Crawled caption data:
---

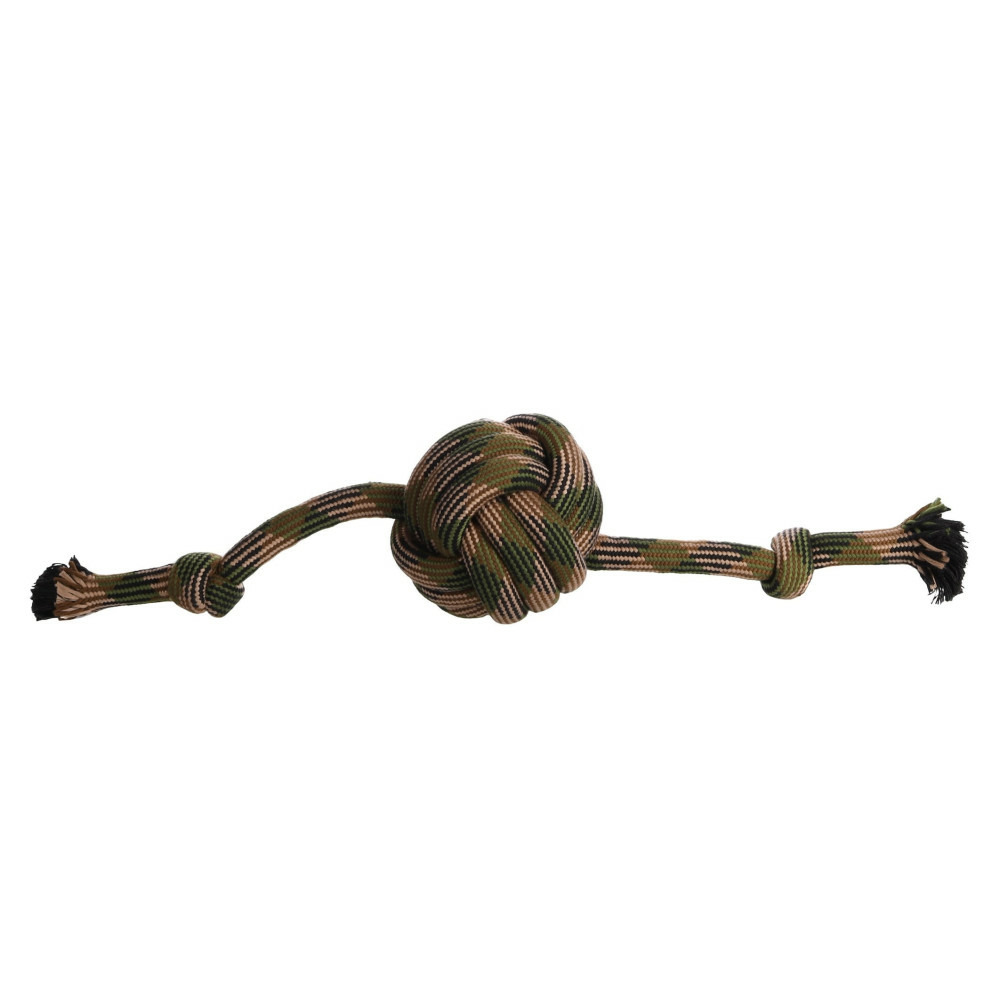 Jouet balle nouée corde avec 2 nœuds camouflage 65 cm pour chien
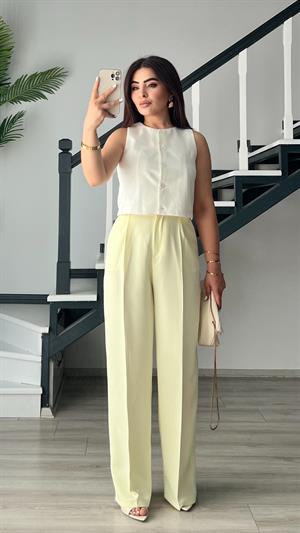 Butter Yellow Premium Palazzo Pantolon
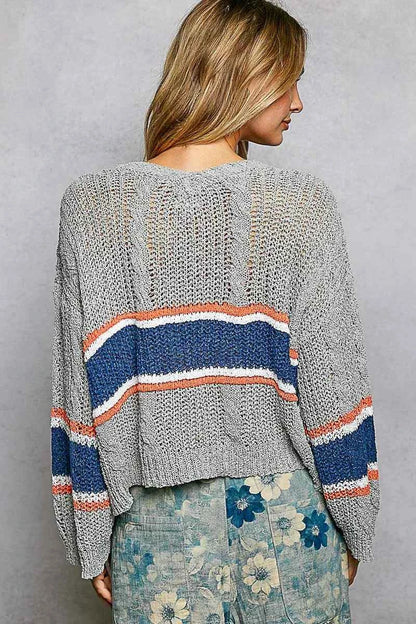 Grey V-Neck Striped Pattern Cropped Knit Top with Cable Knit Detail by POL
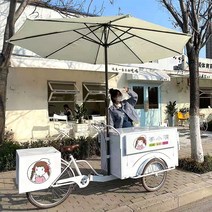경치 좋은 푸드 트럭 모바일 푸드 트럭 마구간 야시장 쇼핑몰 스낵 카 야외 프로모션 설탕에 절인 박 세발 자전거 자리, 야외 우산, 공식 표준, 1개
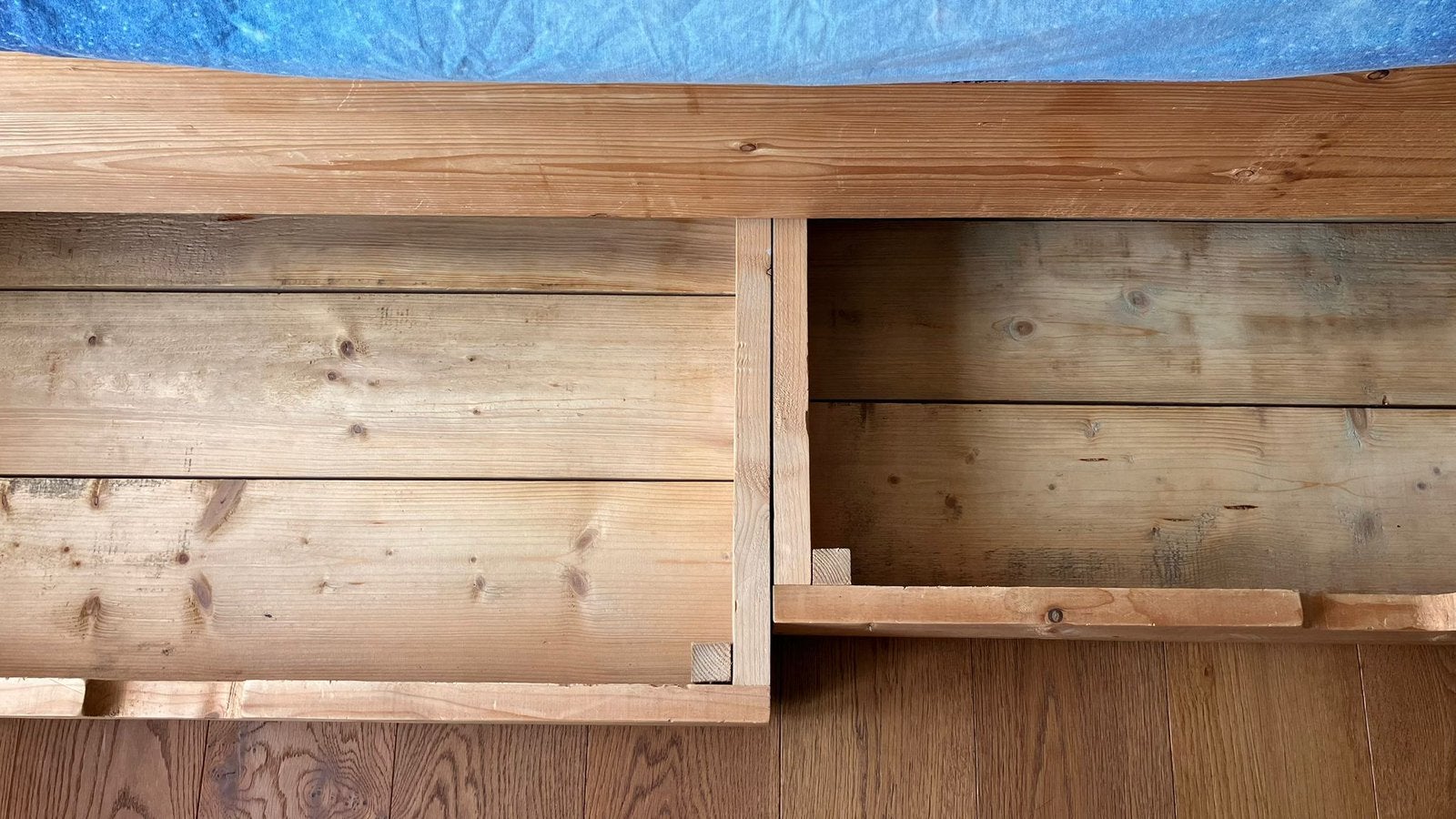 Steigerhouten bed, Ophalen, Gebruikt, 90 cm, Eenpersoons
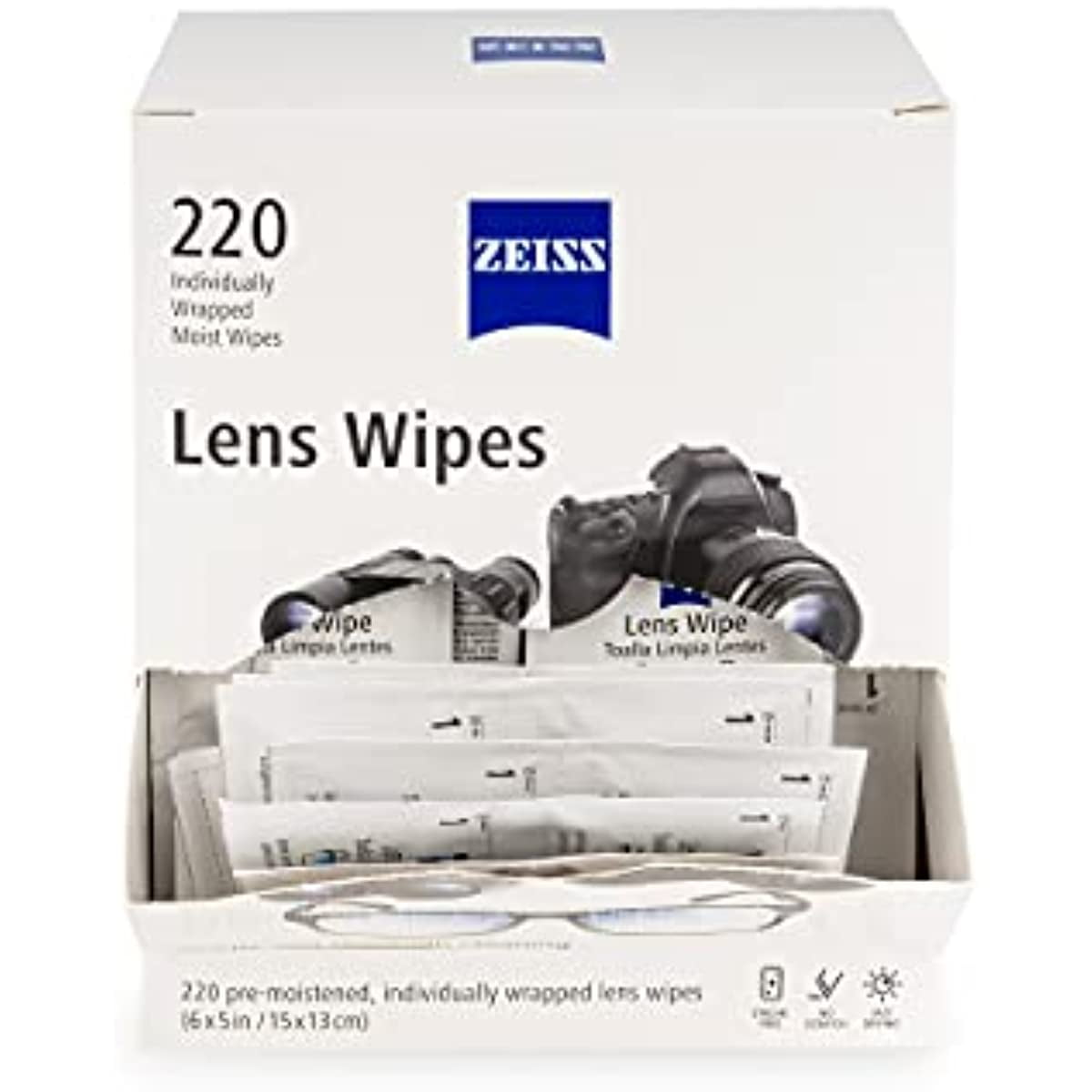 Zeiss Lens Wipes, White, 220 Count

---

Give back exactly the lines from the top of the records to the line containing "경치 좋은 푸드 트럭", both included, and no pictures.

 Jouet balle nouée corde avec 2 nœuds camouflage 65 cm pour chien
 Butter Yellow Premium Palazzo Pantolon
 Grey V-Neck Striped Pattern Cropped Knit Top with Cable Knit Detail by POL
경치 좋은 푸드 트럭 모바일 푸드 트럭 마구간 야시장 쇼핑몰 스낵 카 야외 프로모션 설탕에 절인 박 세발 자전거 자리, 야외 우산, 공식 표준, 1개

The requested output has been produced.